That maps to `flue run bug-fix --target node --id run-1 --env .env --payload '{}'`. Unlike Options A and B, this **builds and spawns its own ephemeral server**, POSTs with `Accept: text/event-stream`, and decorates every agent event (`tool:start`, `tool:done`, the LLM's reasoning text) into a readable progress line so you can watch the LLM work in real time. The final structured result is printed at the end, ready to pipe into downstream tooling. See the [Example Walkthrough](#4-example-walkthrough) below for a real `npm run run` trace.

Use Options A/B for quiet production-style runs against a long-lived `flue dev` server. Use Option C when you want to watch the LLM's tool calls tool-by-tool.

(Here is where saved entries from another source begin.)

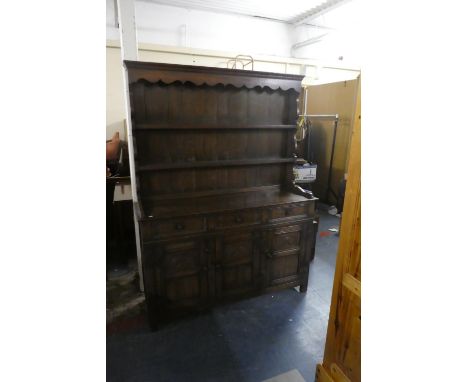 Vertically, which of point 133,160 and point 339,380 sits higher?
point 133,160

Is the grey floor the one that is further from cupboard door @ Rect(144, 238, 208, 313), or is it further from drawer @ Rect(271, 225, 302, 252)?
drawer @ Rect(271, 225, 302, 252)

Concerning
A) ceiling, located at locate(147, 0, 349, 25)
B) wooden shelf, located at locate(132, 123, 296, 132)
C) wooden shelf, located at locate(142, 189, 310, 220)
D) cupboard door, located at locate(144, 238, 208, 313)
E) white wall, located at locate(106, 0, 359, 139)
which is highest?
ceiling, located at locate(147, 0, 349, 25)

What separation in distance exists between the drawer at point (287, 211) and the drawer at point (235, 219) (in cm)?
12

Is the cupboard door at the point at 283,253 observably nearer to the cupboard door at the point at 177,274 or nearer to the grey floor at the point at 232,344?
the grey floor at the point at 232,344

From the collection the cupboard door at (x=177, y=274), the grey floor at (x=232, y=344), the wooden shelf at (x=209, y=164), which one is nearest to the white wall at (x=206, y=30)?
the wooden shelf at (x=209, y=164)

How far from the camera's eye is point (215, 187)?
235cm

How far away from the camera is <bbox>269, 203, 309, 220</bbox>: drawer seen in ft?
6.86

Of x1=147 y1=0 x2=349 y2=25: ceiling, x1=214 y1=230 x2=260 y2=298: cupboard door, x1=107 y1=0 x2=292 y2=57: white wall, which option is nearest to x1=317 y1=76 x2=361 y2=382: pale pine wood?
x1=214 y1=230 x2=260 y2=298: cupboard door

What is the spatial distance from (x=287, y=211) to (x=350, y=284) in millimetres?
1182

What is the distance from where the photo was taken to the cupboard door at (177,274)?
6.04 feet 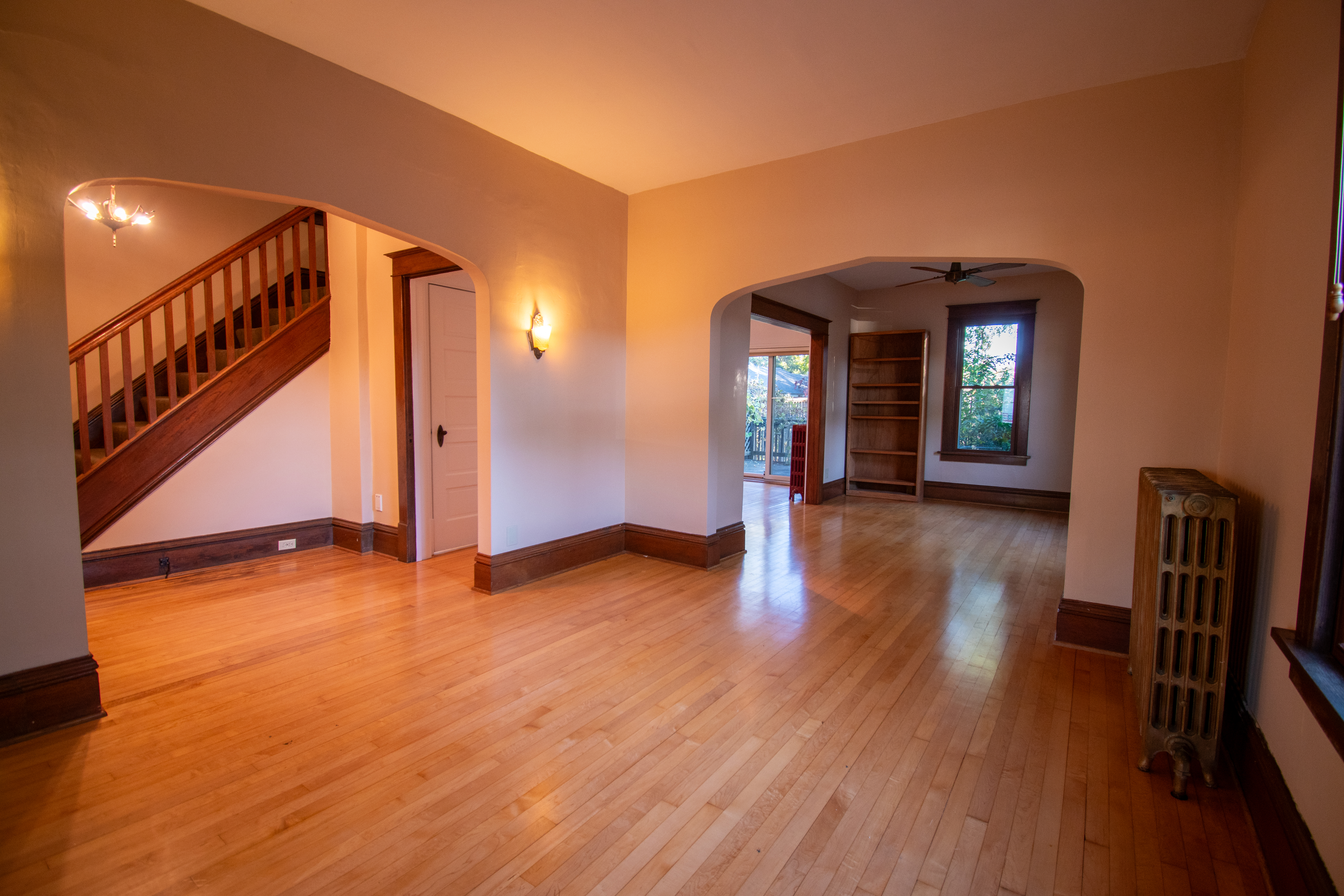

:::tip[What if the issue you target no longer exists?]
If the issue you point the agent at has been closed, deleted, or never existed, the run will fail honestly instead of fabricating a fix. Two failure modes:

- **Issue not found**: the setup phase's `gh issue view` returns a non-zero exit code, and the agent throws before reaching the LLM. Pick a different issue and rerun.
- **Issue is already fixed**: the LLM proceeds through Phase 1, then in Phase 2 writes a "failing" test that actually passes. The `test-driven-developer` role's hard rule (_"a test that doesn't fail isn't a reproduction"_) makes the agent stop and return early with `prUrl: ""` and a `summary` explaining the situation. No PR is opened.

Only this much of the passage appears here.